Alguns setores da esquerda petista acreditam que isto possa ser feito em conjunto, por exemplo através de uma articulação permanente do chamado “movimento Muda PT”. Outros setores consideram que o movimento Muda PT demonstrou -- durante o PED – possuir limites imensos, devido à heterogeneidade política das forças que o integram. Sem falar na propensão de alguns setores do Muda PT a buscar hegemonizar a iniciativa para seus interesses particulares, de autoconstrução. Estas questões que devem ser debatidas, daqui até o congresso do PT, inclusive numa plenária conjunta com toda a delegação identificada com a iniciativa.

Seja qual for o rumo que prevaleça, vivemos e viveremos momentos de imensas tensões, tensões que afetam tanto a vidas dos indivíduos quanto o funcionamento de cada uma das organizações coletivas da classe trabalhadora, das tendências aos partidos, dos sindicatos às centrais, dos movimentos às frentes. O conjunto da esquerda, dentro e fora do PT, está chamado a enfrentar desafios imensos, para os quais estamos longe de possuir as respostas adequadas.

O que estamos certos é que, num momento destes, não nos serve para nada a atitude descrita na conhecida piada: no meio da travessia de um rio, o nadador cansa e resolve nadar de volta ao ponto de partida. Tampouco nos serve ficar boiando, nem o afogamento. A alternativa a tudo isto é a de sempre: manter a política no comando. E não transformar a impaciência pessoal em argumento para a orientação política.

Neste momento, manter a política no comando exige compreender uma questão simples: a direita quer destruir o PT, não apenas pelo que somos ou pelo que fizemos, mas pelo risco potencial que representamos para eles. Com sinais trocados, para a esquerda a recíproca é verdadeira. Ou seja, nos cabe defender, construir e disputar os rumos do PT e do petismo, mesmo que para isso sejamos obrigados a seguir disputando contra os grupos que hoje são majoritários nas instâncias dirigentes de nosso próprio Partido.
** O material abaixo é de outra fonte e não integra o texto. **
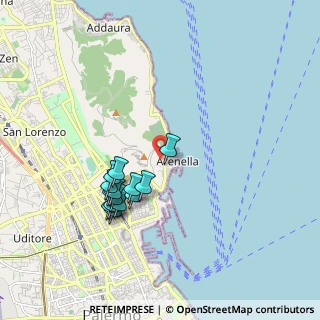 Mappa Via Monsignore F. Riela, 90142 Palermo PA, Italia (1.89786)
O tema central desta disputa está na formulação e na implementação de outra estratégia, que não alimente ilusões na conciliação de classe. Uma estratégia que articule luta social e luta institucional, disputa cultural e organização da classe; uma estratégia que combine políticas públicas com reformas estruturais; uma estratégia democrático-popular e socialista.